In a courageous farewell address Joshua reminded the people that it was Jehovah who brought Abraham from Ur to the Promised Land and gave him a seed; it was Jehovah who brought the plagues on Egypt and delivered the people; it was Jehovah who led the nation over the Jordan River in conquest of the Promised Land; it was Jehovah who had guided and blessed the nation from its inception to the present hour. In marked contrast, he was in effect asking, “What have the heathen gods done for you?” Then he threw down the gauntlet of challenge; ” . . choose you this day whom ye will SERVE; whether the gods which your fathers SERVED that were on the other side of the Euphrates River, or the gods of the Amorites, in whose land ye dwell: but as for me and my house, we will SERVE the Lord” Joshua 24:15

In a day of potential apostasy, a single faithful servant called the people back to God.

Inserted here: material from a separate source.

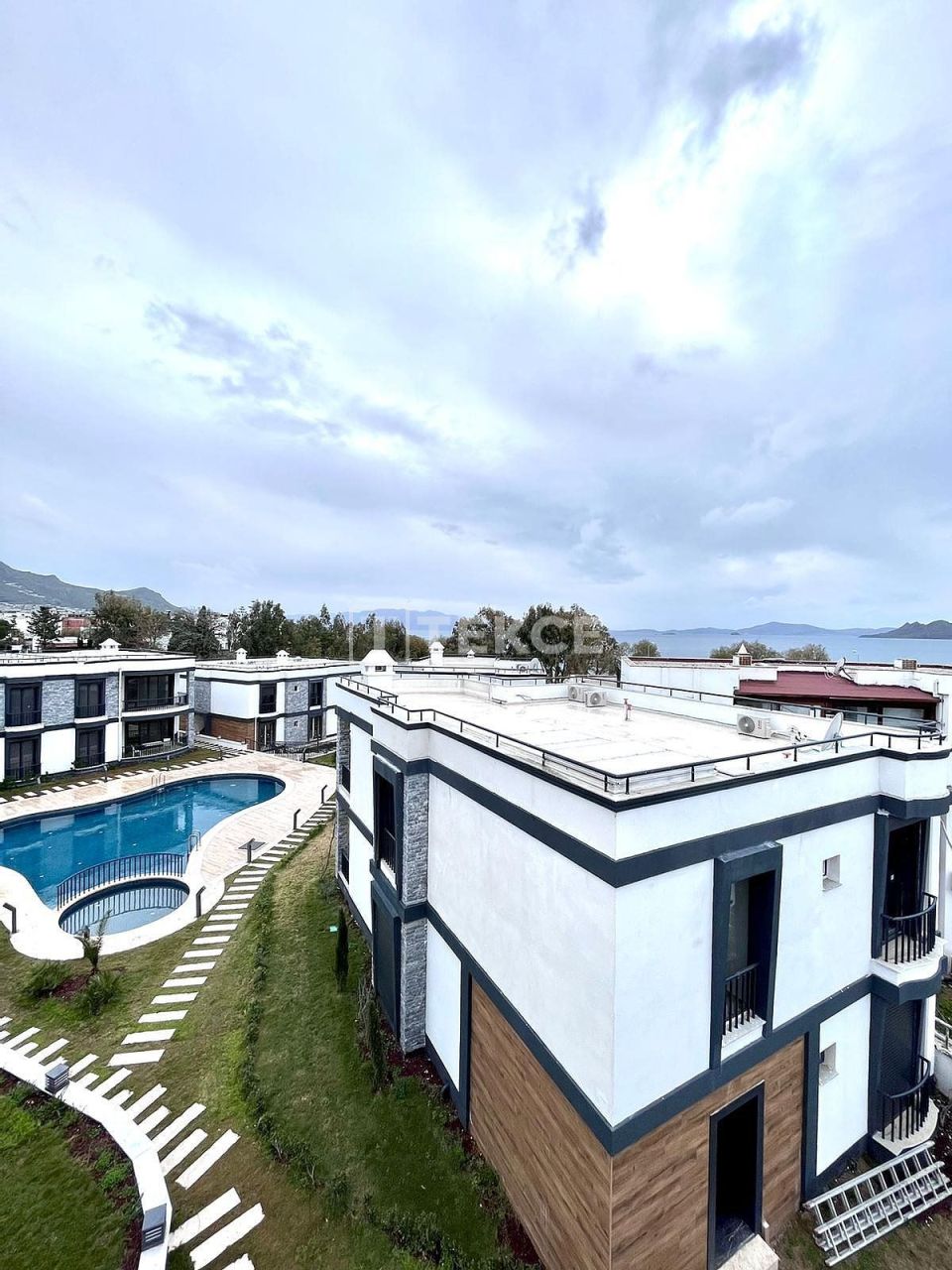 Penthouse in Bodrum, Türkei, 100 m² - Foto 11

Rising majestically from the Mediterranean Sea, at present-day Haifa, is the Mount Carmel mountain range. More than four hundred and fifty years after the death of Joshua, the prophet Elijah stood at the head of Mount Carmel facing the prophets of Baal. It was a day of great apostasy — things were so bad that the prophet complained to God that he was the only one who had not bowed the knee to Baal. Israel’s king; was the wicked Ahab, and he took to wife a Sidonian by the name of Jezebel. She brought priests and idolatrous worship with her which quickly spread throughout the land of Israel.

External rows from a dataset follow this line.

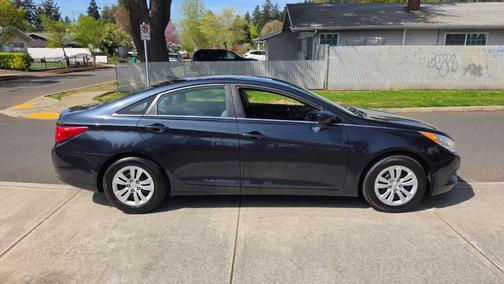 Pacific Blue Pearl Mica 2012 Hyundai SONATA GLS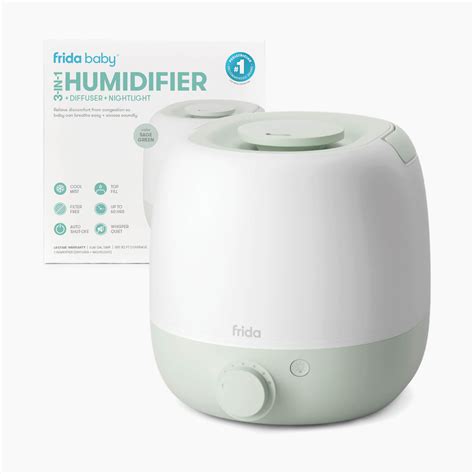 Frida Baby Frida Baby x Babylist 3-in-1 Humidifier, Diffuser ...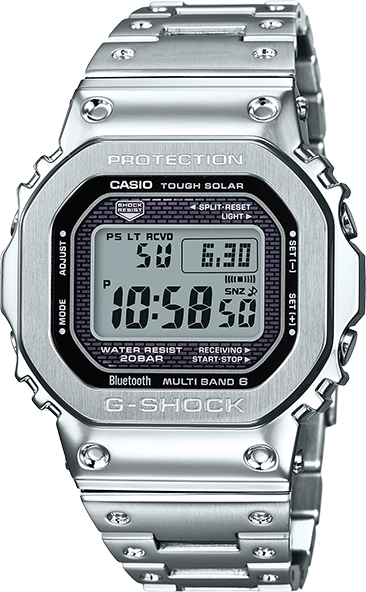 Casio G-Shock Stainless Full Metal 5000 Series - GMWB5000D-1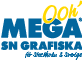 Ooh’MEGA SN Grafiska logotyp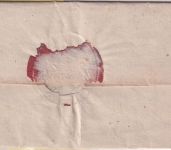 Hannover/Kgr. Westphalen - Stade 1784 portofreier Brief n. Cadenberg mit Inhalt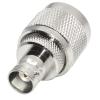 BNC UHF RF Coaxial Coax Adapter, BNC Female to UHF Male Connector Adapter, 2Pcs view 4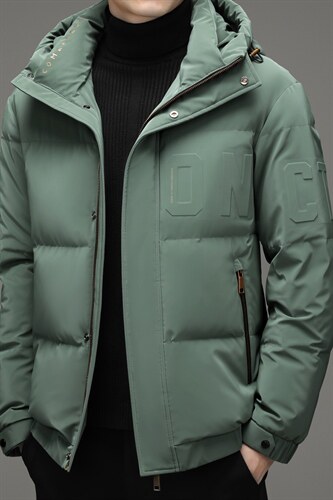 羽绒服男士连帽冬装新款宽松厚款保暖面包服外套SNNYR86R018-P235,男装羽绒服,电商B212（原钱塘6029）
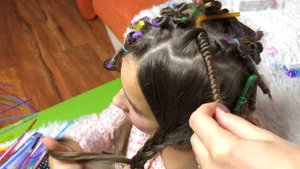 НАСТОЯЩИЕ афро КУДРИ без плойки и утюжка / Кудри из ТРУБОЧЕК / Объемные кудри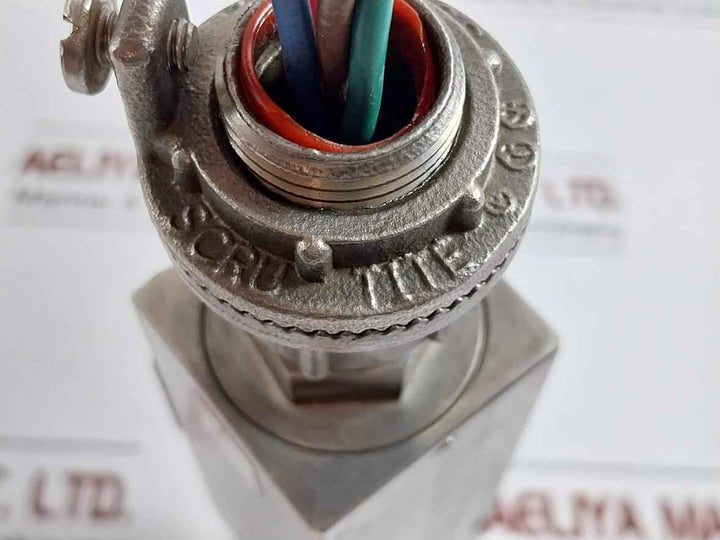 Itt 232P42C6Ehnr Adjustable Pressure Switch 200 To 1000 Psig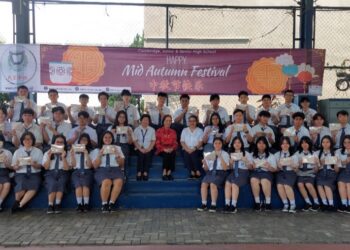 Sekolah Harapan Bangsa Gelar Mooncake Festival 2024: Merayakan Kebersamaan dan Budaya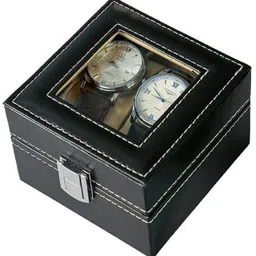 nishiv Organizer Holder for Men & Women and Beign Watch Box image 2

Confrontation was inevitable. A total of eight hundred and fifty false prophets on one side; a solitary prophet of God on the other. On the sidelines stood the undecided multitude. A truly dramatic spectacle was about to begin. Elijah was about to throw down the gauntlet of challenge. In an earlier day, Joshua challenged, “. . . choose you this day whom ye will serve . . .” (Joshua 24:15). Elijah framed his challenge with the words, “. . . How long halt ye between two opinions? If the Lord be God, follow him; but if Baal, then follow him .. .” (1 Kings 18:21).

An altar and sacrifice were prepared, and it was agreed that the God who could consume the sacrifice would indeed be the true God. Elijah said to the prophets of Baal,

“And call ye on the name of your gods, and I will call on the name of the Lord; and the God who answereth by fire, let him be God. And all the people answered and said, It is well spoken” 1 Kings 18:24

From morning until afternoon, to the mocking voice of Elijah, the false prophets ranted and raved and cut themselves and danced, wildly calling on their gods — but heaven was deafening by its silence.

Now it was Elijah’s turn,

“And it came to pass at the time of the offering of the evening sacrifice, that Elijah, the prophet, came near, and said Lord God of Abraham, Isaac, and of Israel, let it be known this day that thou art God in Israel, and that I am thy SERVANT, and that I have done all these things at thy word. Hear me, O Lord, hear me, that this people may know that thou art the Lord God, and that thou hast turned their heart back again. Then the fire of the Lord fell, and consumed the burnt sacrifice, and the wood, and the stones, and the dust, and licked up the water that was in the trench. And when all the people saw it, they fell on their faces, and they said, The Lord, he is God; the Lord, he is God” 1 Kings 18:36-39

Once again in a day of apostasy, a single faithful servant had called the people back to God.

Today, the appeal of ancient false deities appears in modern garb. In the sophistication of our day, it’s not so much gods carved out of wood and stone — gods that can neither see nor speak. Today the appeal is far more subtle — but just as deadly. Twentieth century man looks with disdain and ridicule on the ancients who worshipped idols. In their stead, however, he has substituted his own gods, not physical but mental, not visible but psychological. Today men worship at the shrines of humanism, pragmatism, emotionalism and empty bankrupt traditions.

If anyone wants to hear the voice of God, he must turn or return (whatever the case may be) to the Bible. For therein God speaks to hearts. Hear again the challenge of Joshua and Elijah the servants of the Lord: “. . . choose you this day whom ye will serve . . .”  and” … How long halt ye between two opinions?”